Forget about loans for flights - they have to be paid back so you'll be out of pocket long after the confetti has settled.
I wish you luck with your family.

verdiletta · 16/02/2014 13:26

Everyone seems to be saying flying etc with a toddler is no big shakes and that it's a crap excuse. Well for what it's worth I would be dreading that kind of journey on my own with a toddler- kids are all different, and only you know how your own ds is likely to cope with long airport waits, sitting in a seat for hours, different food etc . This kind of trip with my DD when she was a toddler would have been hell.
Oh, and YANBU if you don't go - I would prioritise my sister being there over the location, which she hasn't done. And I'd thought that £600 (just for starters) is actually a lot of money for most people, it certainly is to me. Good advice here about how you could do it more cheaply though.

Birdsgottafly · 16/02/2014 13:35

If it was my GC that would be missing out on a family wedding of his Aunt, then tbh, I would fund it for him.

That is if you are the sort of family if you went into hospital, they would be caring for your DS, rather than him go to Foster Care, for example.

That's what families that work properly do for each other, they make sacrifices.

I couldn't imagine one if my DD's not attending the Wedding if the other ones, unless it meant them becoming homeless and then the rest of the family would step in anyway.

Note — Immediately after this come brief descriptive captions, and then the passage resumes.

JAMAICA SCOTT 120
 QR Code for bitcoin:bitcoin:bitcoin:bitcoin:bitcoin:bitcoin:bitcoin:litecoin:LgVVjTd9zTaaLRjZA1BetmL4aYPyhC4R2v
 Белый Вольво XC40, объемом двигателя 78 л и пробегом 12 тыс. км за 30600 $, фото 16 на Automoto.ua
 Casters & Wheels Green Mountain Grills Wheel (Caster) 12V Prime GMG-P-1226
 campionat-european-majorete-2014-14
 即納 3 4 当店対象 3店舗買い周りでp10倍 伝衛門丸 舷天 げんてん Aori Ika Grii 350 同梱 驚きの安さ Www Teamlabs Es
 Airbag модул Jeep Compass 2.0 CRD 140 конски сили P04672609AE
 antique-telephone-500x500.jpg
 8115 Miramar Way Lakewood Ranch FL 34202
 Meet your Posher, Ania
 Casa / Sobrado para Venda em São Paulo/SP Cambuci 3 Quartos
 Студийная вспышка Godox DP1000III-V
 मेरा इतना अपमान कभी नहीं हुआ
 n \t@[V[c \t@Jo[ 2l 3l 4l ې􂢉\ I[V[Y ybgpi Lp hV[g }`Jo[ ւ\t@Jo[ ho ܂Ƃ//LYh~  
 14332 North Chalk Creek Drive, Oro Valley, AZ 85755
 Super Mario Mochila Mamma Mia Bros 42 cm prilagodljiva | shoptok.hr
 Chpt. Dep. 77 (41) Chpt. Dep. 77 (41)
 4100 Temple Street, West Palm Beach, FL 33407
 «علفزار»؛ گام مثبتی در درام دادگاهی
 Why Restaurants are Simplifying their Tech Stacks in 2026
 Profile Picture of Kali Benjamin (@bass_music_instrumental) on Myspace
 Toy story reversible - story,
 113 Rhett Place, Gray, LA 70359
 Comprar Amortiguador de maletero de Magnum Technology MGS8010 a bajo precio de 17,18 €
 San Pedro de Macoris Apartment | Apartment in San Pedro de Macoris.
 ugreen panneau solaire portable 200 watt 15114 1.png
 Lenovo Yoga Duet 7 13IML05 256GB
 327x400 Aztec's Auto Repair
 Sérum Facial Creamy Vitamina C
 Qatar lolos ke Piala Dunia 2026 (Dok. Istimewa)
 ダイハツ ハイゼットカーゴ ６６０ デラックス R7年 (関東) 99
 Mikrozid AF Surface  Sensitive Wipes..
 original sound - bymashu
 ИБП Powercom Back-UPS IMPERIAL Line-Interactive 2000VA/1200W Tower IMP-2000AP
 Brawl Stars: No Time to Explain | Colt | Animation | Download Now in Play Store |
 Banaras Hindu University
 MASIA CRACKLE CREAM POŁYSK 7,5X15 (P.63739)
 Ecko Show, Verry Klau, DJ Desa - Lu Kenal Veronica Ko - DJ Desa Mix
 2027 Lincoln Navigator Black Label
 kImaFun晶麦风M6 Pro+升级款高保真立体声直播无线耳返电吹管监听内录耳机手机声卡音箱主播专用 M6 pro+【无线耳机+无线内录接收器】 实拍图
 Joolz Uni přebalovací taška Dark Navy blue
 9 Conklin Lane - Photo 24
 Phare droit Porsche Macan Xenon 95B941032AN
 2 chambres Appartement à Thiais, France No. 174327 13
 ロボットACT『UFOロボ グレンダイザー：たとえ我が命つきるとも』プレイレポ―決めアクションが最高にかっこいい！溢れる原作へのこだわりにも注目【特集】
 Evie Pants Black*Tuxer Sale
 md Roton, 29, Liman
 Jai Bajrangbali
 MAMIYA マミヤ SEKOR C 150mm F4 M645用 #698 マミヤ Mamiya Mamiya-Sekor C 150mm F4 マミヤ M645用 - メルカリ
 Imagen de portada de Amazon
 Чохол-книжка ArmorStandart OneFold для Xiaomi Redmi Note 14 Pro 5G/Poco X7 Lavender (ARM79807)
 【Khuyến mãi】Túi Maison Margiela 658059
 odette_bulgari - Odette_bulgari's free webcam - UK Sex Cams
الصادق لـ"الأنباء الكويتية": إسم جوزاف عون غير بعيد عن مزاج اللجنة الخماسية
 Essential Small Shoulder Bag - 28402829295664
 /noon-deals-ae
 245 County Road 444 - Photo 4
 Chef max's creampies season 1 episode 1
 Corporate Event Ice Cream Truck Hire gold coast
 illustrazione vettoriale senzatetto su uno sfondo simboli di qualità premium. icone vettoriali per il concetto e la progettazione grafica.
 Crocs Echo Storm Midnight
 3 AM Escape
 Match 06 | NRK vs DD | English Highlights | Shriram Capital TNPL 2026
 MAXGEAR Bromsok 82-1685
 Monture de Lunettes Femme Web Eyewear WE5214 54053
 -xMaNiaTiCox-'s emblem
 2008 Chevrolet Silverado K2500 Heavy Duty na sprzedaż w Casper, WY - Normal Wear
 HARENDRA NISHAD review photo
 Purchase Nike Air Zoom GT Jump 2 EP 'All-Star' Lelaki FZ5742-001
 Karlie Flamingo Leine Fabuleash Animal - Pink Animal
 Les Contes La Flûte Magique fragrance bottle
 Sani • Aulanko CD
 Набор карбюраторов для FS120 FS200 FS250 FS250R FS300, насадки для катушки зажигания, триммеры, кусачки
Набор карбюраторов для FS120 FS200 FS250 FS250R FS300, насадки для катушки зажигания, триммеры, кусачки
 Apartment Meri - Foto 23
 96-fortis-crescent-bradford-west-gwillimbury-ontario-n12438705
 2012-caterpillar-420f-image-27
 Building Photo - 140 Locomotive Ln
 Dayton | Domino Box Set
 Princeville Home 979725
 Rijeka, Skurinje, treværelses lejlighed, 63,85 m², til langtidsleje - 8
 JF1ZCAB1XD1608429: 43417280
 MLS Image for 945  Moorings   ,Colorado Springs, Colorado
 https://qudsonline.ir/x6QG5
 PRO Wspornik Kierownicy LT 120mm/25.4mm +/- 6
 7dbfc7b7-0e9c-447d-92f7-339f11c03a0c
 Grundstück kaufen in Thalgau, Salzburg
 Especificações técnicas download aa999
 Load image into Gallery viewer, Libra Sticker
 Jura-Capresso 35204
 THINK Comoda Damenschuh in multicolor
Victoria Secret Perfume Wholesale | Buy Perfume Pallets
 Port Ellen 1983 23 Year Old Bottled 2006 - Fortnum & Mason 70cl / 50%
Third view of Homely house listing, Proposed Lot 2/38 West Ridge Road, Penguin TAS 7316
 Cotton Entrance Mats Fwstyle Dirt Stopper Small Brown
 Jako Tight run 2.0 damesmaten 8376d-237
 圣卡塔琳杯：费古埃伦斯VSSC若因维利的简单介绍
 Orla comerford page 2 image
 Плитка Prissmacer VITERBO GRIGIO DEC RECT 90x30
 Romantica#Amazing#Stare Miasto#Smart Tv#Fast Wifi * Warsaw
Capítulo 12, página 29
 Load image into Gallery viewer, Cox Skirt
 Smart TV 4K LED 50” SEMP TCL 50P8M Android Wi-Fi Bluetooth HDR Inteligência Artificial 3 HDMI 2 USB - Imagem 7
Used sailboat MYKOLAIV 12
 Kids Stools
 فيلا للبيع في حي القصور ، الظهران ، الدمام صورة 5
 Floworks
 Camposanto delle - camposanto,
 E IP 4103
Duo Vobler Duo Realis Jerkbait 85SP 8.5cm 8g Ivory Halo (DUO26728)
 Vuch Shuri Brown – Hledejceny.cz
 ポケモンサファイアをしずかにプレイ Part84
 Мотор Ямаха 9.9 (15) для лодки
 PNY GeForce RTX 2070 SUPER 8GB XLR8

This is a major family event, which in some families, means something, that is subjective.

I (or anyone I'm related to) certainly wouldn't have to ask a bunch of strangers, to whom if my DC grew up without close relations, it wouldn't matter to.

OP, only you know how your family works and what the dynamics are like.

LoopyDoopyDoo · 16/02/2014 13:47

Could you get more time off and turn it into a proper holiday?

BlueStones · 16/02/2014 14:42

I have just remembered that a former colleague of mine Skyped her Los Angeles-based wedding to family who could not attend. Is that an option?

SpottyDottie · 16/02/2014 14:45

I think many posters don't think you are being unreasonable but rather that your family are, if they are exerting pressure on you. Can you sit down with them all and discuss it??